▶ PROBLEM DESCRIPTION: A word-for-word copy of the lines below, starting at the line with "MBRP Exhaust FALCA459" and ending at the last one, is what you should give. Omit every picture.

▶ ENTRIES SHOWN:
================================
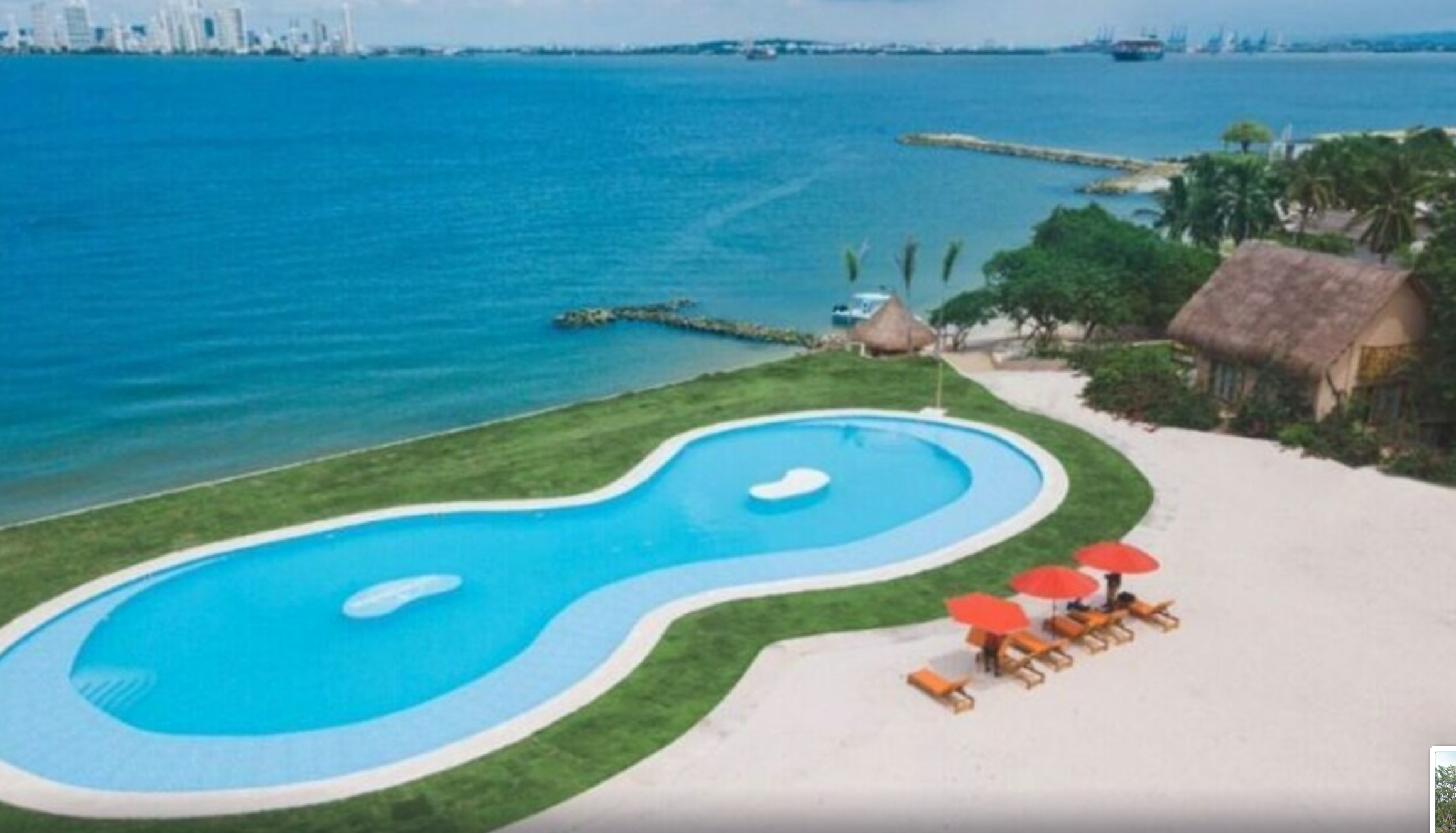 Casa-Beach-House-5.48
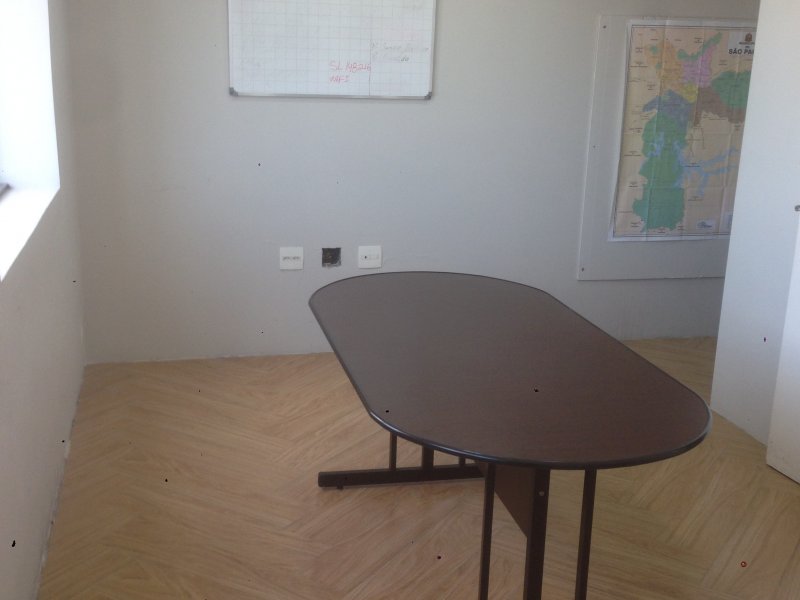 imóvel com 32m² - Penha de França - São Paulo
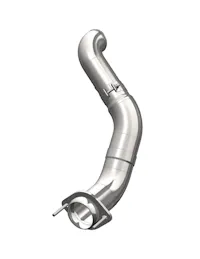 MBRP Exhaust FALCA459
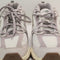 New Balance Mr530 Trainers Grey Matter Truffle Salt UK Size 8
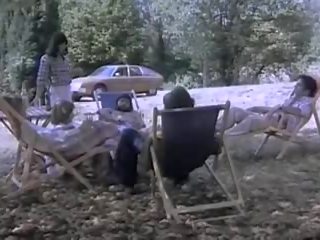 Les obsedees 1977 avec erika frais, gratuit x évalué film 52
================================
▶ RESULT:
 MBRP Exhaust FALCA459
 New Balance Mr530 Trainers Grey Matter Truffle Salt UK Size 8
 Les obsedees 1977 avec erika frais, gratuit x évalué film 52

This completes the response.